Digital signatures are an extension of an asymmetric cryptosystem, public key encryption. In a public key system, two different keys are created for each person: one private, one public. The private key is known only to the individual while the public key is made widely available. When an individual encrypts a document with his or her private key, this is the equivalent of signing it by hand since the private key is unique to that individual. The intended third party can decrypt the message using the individual's public key, which corresponds to his/her private key. If the information is successfully decrypted, then one has the necessary assurance that it could only have been transmitted by that individual. Otherwise, it would not have been possible to decode the information successfully.

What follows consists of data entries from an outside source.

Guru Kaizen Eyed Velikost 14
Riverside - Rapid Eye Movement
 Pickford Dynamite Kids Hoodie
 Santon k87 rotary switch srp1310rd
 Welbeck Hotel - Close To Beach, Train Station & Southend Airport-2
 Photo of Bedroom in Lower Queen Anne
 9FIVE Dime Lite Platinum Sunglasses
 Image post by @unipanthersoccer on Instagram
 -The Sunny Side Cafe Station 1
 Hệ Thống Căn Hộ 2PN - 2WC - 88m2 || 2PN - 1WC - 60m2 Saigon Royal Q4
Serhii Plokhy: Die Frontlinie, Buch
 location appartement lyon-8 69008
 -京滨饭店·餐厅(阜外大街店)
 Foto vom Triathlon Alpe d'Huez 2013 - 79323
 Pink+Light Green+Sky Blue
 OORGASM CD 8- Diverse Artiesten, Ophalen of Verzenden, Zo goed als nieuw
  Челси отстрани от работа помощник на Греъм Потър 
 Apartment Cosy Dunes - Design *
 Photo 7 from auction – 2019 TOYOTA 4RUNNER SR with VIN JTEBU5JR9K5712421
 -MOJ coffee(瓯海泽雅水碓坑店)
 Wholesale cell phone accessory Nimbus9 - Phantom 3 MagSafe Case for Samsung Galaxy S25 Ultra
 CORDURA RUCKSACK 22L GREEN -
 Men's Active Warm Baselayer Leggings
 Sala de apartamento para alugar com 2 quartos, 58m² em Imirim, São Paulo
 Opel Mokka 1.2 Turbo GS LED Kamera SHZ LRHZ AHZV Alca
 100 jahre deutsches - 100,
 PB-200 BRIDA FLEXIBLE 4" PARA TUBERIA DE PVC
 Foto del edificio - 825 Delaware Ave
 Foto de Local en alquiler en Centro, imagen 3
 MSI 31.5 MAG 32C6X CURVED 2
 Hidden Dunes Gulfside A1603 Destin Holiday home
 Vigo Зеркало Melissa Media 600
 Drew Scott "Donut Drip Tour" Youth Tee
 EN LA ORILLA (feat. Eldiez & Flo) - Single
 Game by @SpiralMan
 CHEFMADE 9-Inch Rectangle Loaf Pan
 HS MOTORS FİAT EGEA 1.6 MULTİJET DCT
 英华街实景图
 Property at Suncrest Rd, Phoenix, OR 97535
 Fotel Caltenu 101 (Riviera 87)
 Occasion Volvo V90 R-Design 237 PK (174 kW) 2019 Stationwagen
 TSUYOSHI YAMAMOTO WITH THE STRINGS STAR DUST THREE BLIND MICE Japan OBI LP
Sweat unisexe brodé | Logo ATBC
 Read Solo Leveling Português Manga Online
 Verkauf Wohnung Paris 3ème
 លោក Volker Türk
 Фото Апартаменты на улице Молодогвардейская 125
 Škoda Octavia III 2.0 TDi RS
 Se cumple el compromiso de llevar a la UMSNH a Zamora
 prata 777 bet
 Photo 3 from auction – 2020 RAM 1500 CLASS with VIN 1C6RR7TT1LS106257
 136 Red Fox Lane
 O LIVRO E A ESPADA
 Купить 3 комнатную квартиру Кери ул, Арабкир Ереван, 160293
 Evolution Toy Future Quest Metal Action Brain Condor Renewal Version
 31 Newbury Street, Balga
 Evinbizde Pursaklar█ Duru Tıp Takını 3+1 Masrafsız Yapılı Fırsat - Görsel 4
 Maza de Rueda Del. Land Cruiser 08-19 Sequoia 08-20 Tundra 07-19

While a digital signature provides proof of authenticity (that a transaction originated from a particular sender), it reveals the identity of the individual in the process. The blind signature, created by David Chaum, Director of DigiCash, is an extension of the digital signature but with one additional feature: it ensures the anonymity of the sender. While digital signatures are intended to be identifiable (to serve as proof that a particular individual signed a particular document), blind signatures provide the same authentication but do so in a non-identifiable or "blind" manner. The recipient is assured of the fact that a transmission is authentic and reliable, without knowing who actually sent it.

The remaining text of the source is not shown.